### RAW DATA

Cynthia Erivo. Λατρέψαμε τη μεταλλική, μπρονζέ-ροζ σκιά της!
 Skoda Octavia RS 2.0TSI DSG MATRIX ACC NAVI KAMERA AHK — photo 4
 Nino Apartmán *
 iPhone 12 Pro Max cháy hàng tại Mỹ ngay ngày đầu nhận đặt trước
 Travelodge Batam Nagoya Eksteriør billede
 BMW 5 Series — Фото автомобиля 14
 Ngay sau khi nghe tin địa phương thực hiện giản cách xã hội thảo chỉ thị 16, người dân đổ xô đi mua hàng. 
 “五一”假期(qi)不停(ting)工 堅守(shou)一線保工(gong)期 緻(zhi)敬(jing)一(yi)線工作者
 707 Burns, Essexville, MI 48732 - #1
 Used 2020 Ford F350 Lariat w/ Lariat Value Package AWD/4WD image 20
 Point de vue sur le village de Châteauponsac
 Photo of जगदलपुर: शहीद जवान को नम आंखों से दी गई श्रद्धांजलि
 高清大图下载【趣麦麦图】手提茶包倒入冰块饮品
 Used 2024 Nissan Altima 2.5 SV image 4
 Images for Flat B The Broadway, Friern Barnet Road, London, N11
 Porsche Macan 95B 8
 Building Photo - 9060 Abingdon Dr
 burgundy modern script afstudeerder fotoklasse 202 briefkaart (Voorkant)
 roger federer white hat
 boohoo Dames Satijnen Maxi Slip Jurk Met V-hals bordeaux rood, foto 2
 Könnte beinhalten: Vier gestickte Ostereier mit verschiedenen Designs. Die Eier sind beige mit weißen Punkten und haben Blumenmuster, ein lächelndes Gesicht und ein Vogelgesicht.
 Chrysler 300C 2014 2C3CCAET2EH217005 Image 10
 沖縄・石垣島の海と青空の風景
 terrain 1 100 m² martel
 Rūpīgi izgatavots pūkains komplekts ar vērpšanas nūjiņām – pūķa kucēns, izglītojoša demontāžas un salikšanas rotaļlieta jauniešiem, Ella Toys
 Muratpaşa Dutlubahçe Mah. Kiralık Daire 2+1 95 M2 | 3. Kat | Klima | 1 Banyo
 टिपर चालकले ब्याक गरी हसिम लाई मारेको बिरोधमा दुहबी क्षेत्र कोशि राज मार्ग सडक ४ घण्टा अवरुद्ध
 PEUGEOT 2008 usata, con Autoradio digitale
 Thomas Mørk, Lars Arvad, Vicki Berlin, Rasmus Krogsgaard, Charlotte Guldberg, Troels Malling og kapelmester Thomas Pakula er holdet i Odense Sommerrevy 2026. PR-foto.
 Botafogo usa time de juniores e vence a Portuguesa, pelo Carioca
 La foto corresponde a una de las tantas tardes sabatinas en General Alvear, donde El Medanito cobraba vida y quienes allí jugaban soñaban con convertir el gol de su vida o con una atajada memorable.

### TO DO
Exactly as they appear, output the line holding "Ngay sau khi" and all lines after it through the end of the listing above, and only those.

### SOLUTION FOR THIS PROBLEM
 Ngay sau khi nghe tin địa phương thực hiện giản cách xã hội thảo chỉ thị 16, người dân đổ xô đi mua hàng. 
 “五一”假期(qi)不停(ting)工 堅守(shou)一線保工(gong)期 緻(zhi)敬(jing)一(yi)線工作者
 707 Burns, Essexville, MI 48732 - #1
 Used 2020 Ford F350 Lariat w/ Lariat Value Package AWD/4WD image 20
 Point de vue sur le village de Châteauponsac
 Photo of जगदलपुर: शहीद जवान को नम आंखों से दी गई श्रद्धांजलि
 高清大图下载【趣麦麦图】手提茶包倒入冰块饮品
 Used 2024 Nissan Altima 2.5 SV image 4
 Images for Flat B The Broadway, Friern Barnet Road, London, N11
 Porsche Macan 95B 8
 Building Photo - 9060 Abingdon Dr
 burgundy modern script afstudeerder fotoklasse 202 briefkaart (Voorkant)
 roger federer white hat
 boohoo Dames Satijnen Maxi Slip Jurk Met V-hals bordeaux rood, foto 2
 Könnte beinhalten: Vier gestickte Ostereier mit verschiedenen Designs. Die Eier sind beige mit weißen Punkten und haben Blumenmuster, ein lächelndes Gesicht und ein Vogelgesicht.
 Chrysler 300C 2014 2C3CCAET2EH217005 Image 10
 沖縄・石垣島の海と青空の風景
 terrain 1 100 m² martel
 Rūpīgi izgatavots pūkains komplekts ar vērpšanas nūjiņām – pūķa kucēns, izglītojoša demontāžas un salikšanas rotaļlieta jauniešiem, Ella Toys
 Muratpaşa Dutlubahçe Mah. Kiralık Daire 2+1 95 M2 | 3. Kat | Klima | 1 Banyo
 टिपर चालकले ब्याक गरी हसिम लाई मारेको बिरोधमा दुहबी क्षेत्र कोशि राज मार्ग सडक ४ घण्टा अवरुद्ध
 PEUGEOT 2008 usata, con Autoradio digitale
 Thomas Mørk, Lars Arvad, Vicki Berlin, Rasmus Krogsgaard, Charlotte Guldberg, Troels Malling og kapelmester Thomas Pakula er holdet i Odense Sommerrevy 2026. PR-foto.
 Botafogo usa time de juniores e vence a Portuguesa, pelo Carioca
 La foto corresponde a una de las tantas tardes sabatinas en General Alvear, donde El Medanito cobraba vida y quienes allí jugaban soñaban con convertir el gol de su vida o con una atajada memorable.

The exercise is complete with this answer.